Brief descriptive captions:
══════════
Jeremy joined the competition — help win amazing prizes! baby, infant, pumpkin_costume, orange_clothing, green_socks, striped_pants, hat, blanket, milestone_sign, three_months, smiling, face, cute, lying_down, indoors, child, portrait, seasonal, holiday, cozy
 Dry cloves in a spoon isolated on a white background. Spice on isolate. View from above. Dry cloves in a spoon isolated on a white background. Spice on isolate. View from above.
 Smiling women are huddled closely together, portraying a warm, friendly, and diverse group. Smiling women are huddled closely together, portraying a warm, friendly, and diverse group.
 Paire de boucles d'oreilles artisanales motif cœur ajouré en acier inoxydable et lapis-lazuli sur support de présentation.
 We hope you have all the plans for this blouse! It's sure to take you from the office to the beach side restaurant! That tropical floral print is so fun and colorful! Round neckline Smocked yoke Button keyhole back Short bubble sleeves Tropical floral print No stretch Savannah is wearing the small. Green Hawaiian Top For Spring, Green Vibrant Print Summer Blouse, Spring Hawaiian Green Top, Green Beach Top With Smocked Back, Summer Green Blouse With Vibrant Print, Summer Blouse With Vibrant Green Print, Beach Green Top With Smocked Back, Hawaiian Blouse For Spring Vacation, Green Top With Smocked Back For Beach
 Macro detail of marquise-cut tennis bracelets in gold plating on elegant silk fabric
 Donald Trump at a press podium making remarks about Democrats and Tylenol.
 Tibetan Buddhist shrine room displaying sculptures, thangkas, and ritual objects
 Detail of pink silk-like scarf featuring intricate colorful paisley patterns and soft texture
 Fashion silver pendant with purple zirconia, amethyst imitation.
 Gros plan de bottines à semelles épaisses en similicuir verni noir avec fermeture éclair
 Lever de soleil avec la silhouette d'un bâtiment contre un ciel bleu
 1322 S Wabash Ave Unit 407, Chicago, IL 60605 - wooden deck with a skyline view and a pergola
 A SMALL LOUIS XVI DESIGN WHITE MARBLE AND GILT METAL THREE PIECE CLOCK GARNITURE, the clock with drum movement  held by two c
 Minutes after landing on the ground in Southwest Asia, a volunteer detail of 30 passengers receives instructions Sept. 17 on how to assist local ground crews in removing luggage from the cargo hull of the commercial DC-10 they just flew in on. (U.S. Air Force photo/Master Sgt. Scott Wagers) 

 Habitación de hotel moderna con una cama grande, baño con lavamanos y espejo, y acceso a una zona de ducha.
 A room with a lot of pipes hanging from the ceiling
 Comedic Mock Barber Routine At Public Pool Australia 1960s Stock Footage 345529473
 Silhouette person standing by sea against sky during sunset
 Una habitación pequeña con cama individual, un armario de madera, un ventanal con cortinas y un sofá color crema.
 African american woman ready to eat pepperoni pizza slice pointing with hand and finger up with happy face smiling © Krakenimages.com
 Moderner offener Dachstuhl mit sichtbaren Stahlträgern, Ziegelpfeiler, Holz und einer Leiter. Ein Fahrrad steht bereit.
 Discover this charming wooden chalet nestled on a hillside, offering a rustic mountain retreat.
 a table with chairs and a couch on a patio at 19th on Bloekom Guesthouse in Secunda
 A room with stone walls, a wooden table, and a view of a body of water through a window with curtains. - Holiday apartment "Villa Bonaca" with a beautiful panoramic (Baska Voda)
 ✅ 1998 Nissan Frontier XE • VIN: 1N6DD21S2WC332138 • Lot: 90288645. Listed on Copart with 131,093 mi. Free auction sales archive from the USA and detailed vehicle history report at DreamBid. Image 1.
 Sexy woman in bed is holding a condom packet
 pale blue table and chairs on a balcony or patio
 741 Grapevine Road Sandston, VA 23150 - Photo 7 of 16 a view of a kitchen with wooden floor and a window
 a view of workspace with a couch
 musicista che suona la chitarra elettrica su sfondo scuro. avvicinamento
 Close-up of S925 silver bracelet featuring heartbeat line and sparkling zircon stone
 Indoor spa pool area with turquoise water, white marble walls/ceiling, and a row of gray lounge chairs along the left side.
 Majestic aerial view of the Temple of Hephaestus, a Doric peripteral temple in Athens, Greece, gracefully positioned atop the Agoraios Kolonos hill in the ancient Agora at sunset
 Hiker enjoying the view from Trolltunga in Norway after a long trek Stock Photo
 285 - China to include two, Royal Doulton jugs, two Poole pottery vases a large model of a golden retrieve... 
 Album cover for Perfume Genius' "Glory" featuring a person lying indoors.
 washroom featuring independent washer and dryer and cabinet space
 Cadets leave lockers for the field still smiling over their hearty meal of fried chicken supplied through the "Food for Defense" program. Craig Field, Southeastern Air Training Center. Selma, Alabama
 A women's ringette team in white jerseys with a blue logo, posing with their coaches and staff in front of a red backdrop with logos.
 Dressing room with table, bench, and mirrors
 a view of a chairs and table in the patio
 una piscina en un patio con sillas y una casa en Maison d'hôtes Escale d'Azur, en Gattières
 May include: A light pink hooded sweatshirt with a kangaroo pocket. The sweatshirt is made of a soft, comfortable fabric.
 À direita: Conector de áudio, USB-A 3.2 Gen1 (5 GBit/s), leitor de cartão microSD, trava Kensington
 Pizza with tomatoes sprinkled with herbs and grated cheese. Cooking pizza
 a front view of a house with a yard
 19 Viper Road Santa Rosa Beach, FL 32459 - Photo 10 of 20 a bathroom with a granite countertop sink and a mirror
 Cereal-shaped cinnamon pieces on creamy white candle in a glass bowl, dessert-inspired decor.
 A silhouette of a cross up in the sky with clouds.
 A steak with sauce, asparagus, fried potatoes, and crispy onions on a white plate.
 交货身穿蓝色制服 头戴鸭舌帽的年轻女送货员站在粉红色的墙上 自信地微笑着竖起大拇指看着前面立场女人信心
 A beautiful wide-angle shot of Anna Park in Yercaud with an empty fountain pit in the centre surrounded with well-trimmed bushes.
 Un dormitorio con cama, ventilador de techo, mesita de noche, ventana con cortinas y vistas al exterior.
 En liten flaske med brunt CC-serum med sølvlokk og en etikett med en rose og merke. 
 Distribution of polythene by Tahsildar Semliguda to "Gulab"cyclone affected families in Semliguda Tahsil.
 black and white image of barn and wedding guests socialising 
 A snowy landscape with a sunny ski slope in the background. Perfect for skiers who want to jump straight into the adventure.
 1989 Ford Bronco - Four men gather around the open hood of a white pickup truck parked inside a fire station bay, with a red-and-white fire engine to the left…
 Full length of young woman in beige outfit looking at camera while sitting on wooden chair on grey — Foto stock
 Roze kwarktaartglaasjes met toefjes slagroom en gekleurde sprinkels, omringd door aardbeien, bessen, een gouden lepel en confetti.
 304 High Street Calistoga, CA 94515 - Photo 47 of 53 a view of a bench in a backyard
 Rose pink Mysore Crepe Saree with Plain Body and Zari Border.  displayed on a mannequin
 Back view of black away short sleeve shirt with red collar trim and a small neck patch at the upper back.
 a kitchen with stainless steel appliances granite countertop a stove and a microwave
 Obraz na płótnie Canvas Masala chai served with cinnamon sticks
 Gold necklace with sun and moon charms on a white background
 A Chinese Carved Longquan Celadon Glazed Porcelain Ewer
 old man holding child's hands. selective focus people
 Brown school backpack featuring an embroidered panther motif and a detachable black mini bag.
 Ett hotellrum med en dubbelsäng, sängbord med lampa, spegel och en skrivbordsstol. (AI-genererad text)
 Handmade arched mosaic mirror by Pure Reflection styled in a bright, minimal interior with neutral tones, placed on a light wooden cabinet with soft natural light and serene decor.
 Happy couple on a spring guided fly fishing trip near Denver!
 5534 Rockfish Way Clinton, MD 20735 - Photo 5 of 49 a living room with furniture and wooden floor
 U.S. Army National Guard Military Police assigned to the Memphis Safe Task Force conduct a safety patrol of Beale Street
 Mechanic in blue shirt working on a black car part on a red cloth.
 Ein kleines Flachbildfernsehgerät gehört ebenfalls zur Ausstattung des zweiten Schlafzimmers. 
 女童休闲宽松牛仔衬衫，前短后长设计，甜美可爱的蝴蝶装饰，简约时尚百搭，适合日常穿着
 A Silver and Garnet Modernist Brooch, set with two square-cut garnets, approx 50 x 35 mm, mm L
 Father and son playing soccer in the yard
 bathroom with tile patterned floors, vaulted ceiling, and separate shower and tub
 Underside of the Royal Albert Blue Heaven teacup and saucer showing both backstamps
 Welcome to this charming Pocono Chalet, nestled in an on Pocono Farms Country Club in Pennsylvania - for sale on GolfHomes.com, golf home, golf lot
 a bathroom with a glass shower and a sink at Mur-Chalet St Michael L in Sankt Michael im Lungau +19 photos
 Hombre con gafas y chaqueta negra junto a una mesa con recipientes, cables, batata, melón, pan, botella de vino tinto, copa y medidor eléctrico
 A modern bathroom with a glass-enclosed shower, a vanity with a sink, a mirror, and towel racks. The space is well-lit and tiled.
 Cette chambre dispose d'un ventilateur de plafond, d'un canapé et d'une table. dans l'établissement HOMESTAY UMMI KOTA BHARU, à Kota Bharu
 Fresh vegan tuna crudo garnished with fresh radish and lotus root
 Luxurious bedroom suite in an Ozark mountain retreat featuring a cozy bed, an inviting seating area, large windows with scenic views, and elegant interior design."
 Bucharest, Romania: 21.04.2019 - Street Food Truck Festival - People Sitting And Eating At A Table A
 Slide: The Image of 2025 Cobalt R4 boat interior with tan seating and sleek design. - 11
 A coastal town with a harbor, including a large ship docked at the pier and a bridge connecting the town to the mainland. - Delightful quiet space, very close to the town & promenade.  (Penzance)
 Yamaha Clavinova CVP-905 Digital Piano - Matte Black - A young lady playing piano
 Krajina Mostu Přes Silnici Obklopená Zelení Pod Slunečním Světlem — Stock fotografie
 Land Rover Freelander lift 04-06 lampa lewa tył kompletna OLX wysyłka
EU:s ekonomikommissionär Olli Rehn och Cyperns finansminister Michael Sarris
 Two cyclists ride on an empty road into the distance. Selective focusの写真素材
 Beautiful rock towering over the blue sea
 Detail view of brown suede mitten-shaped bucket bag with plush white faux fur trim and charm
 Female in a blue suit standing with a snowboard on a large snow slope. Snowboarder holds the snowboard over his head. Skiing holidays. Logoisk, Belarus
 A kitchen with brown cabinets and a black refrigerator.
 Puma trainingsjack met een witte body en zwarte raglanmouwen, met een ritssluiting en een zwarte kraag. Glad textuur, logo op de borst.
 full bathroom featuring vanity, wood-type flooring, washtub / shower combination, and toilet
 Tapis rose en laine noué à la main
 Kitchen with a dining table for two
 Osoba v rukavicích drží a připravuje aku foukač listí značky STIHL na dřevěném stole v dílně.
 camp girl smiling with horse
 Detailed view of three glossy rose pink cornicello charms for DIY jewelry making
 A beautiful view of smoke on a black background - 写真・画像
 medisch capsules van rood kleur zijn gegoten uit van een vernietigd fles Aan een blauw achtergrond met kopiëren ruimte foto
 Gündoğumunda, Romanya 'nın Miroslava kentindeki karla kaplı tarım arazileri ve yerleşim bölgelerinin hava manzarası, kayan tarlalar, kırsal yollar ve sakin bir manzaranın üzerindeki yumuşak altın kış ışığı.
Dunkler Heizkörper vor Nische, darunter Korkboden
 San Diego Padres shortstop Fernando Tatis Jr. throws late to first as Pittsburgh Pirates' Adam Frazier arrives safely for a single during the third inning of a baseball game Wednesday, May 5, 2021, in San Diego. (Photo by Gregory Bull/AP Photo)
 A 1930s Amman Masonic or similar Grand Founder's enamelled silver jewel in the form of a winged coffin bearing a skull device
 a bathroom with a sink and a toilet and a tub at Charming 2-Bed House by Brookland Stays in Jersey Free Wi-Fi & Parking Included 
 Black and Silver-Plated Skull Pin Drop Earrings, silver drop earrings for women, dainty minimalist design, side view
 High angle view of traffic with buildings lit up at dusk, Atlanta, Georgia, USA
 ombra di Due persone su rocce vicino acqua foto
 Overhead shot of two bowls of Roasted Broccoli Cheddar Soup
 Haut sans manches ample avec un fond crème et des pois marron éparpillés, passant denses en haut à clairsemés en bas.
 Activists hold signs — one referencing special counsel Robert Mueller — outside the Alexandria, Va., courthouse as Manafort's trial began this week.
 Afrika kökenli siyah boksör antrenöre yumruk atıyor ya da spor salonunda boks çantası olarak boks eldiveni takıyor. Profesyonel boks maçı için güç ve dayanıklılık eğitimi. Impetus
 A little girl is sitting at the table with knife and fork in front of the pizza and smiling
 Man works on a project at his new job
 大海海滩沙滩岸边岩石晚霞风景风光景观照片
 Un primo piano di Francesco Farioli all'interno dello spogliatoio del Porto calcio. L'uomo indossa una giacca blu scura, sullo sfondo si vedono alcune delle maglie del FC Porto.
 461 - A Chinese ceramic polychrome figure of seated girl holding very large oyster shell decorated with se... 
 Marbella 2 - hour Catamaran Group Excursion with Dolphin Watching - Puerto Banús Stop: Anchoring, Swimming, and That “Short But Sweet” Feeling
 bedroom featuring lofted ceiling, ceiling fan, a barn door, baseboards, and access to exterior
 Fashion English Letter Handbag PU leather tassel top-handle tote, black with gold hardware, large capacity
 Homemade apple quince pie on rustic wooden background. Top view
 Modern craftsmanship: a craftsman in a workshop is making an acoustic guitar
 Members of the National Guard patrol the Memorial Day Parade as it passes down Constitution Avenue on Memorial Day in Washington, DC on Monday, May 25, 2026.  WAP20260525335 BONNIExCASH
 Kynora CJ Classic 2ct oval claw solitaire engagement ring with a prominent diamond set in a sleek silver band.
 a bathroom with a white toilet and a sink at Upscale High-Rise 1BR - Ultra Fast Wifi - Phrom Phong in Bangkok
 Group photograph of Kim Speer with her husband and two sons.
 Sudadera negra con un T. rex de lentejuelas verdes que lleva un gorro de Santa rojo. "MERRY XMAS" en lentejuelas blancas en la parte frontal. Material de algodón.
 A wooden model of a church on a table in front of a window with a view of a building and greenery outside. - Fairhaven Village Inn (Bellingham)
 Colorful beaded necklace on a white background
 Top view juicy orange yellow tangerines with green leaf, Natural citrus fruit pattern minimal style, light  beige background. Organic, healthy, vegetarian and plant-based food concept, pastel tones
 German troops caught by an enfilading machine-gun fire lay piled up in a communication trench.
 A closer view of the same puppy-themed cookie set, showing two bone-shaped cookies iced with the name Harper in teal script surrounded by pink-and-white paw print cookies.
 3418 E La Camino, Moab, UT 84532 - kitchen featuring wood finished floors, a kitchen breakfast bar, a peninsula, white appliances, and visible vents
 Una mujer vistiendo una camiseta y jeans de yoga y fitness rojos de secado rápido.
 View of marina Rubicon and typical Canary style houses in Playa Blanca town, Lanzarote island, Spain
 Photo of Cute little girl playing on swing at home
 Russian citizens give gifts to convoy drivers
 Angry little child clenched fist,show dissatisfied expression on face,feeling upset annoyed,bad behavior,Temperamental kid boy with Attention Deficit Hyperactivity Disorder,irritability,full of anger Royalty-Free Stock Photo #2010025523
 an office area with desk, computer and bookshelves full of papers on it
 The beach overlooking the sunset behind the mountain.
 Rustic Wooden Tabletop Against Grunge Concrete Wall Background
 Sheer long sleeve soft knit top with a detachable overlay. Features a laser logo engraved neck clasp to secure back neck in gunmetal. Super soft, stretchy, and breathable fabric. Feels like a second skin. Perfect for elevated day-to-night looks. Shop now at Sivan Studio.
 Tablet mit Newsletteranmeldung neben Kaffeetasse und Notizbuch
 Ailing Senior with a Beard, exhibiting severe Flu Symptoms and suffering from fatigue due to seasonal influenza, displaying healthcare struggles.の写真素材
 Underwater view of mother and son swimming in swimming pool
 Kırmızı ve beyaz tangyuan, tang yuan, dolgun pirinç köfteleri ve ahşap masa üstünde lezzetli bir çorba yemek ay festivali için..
══════════
### [What needs to be done]
Reproduce the records above line by line, without any change, up to and including the line that holds "Paire de boucles".

### [Output for this task]
Jeremy joined the competition — help win amazing prizes! baby, infant, pumpkin_costume, orange_clothing, green_socks, striped_pants, hat, blanket, milestone_sign, three_months, smiling, face, cute, lying_down, indoors, child, portrait, seasonal, holiday, cozy
 Dry cloves in a spoon isolated on a white background. Spice on isolate. View from above. Dry cloves in a spoon isolated on a white background. Spice on isolate. View from above.
 Smiling women are huddled closely together, portraying a warm, friendly, and diverse group. Smiling women are huddled closely together, portraying a warm, friendly, and diverse group.
 Paire de boucles d'oreilles artisanales motif cœur ajouré en acier inoxydable et lapis-lazuli sur support de présentation.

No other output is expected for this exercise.